Le véritable péché du Gladiateur réside essentiellement dans la communication. Il a cru qu’il suffisait de contenter la France le matin et de venir dormir le soir à Ndoumbélaan comme si de rien était. Il était convaincu ou s’est laissé convaincre qu’il pouvait déjeuner avec des pommes de terre frites dans un restaurant des Champs Elysées et diner son « cere mboum » à Colobane sans dommage. C’est une erreur tragique ! C’est justement en ces moments troubles où les repères se brouillent, qu’un chef d’état a l’obligation de lever la voix pour rassurer et mobiliser son peuple. Rassurer autour de ses valeurs fondamentales, et mobiliser les ressources disponibles et potentielles pour se mettre en position de combat. Parce que la menace plane manifestement au-dessus de nos têtes. Héritier d’une situation historique et diplomatique qu’il ne remet pas en cause, il se doit d’assumer sa position d’Homme d’Etat au lieu de vaciller au gré des commentaires de Sandaga comme une flamme de bougie sous une tempête.
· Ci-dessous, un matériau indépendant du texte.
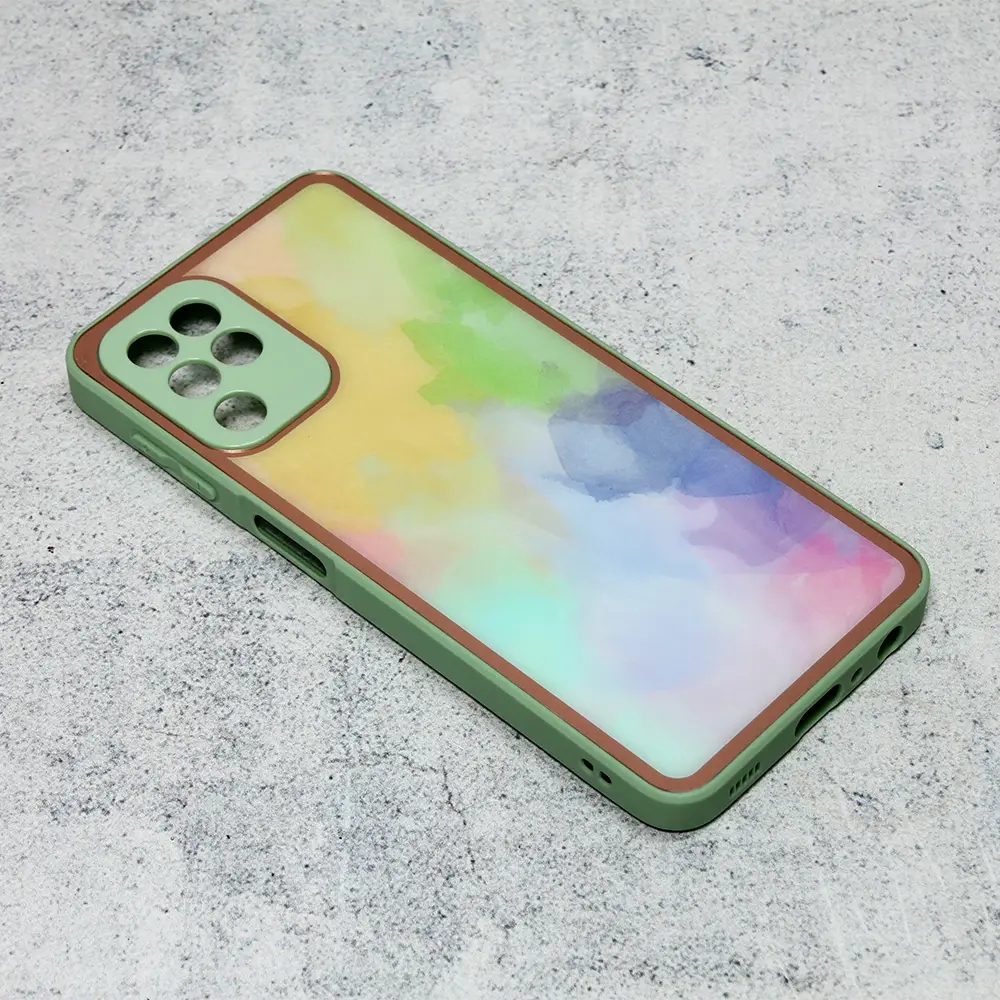 Torbica Candy Marble za Samsung A225F Galaxy A22 4G Mint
Rappelons-nous, le Président-poète-néocolonial, qui n’était pas du tout un modèle de combattant anti impérialiste avait refusé de rompre les relations diplomatiques avec Israël en 1973, se dressant ainsi contre l’avis de ses pairs africains et de la Ligue Arabe en pleine guerre du Kippour. Président chrétien d’une république musulmane à 90 %, il avait motivé sa position par un discours fort. Ndoumbélaan qui présidera deux ans plus tard le Comité pour l’Exercice des Droits inaliénables du Peuple Palestinien voulait qu’on différenciât la condamnation de l’hégémonie impériale de l’état hébreu avec toutes les souffrances imposées au peuple de Palestine, du mot d’ordre extrémiste qui demandait l’anéantissement pur et simple de l’état d’Israël. Le Gladiateur n’a certainement pas fait pire en défilant à Paris ce 11 janvier, mais il n’a pas su communiquer, se contentant de répondre à des journalistes et à des déclarations pour se justifier comme le ferait un enfant pris en faute.
Face au silence coupable de l’intelligentsia de Ndoumbélaan, à son incapacité et ou à son impuissance à dompter un débat à la fois subtile et belliqueux, les politiques se sont accaparés du sujet et dramatiquement à travers la ligne imposée par l’impérialisme français parce que cette ligne satanique leur permet de porter des coups à leur adversaire du moment : le Gladiateur. Les politiques ne mènent et à juste titre que des combats conjoncturels. L’essentiel étant d’atteindre des objectifs à court et à moyen terme qu’ils se sont assignés même s’ils doivent plus tard dire « maa ko waxoon, waxeet ».
Le débat de fond est pourtant structurel et nous ramène à trancher pour nous et pour les générations futures entre deux positions antagoniques. Contraindre les religieux à accepter la profanation de leurs symboles ou convaincre les clowns à se tourner vers d’autres sujets moins sensibles si leur métier est de faire rire.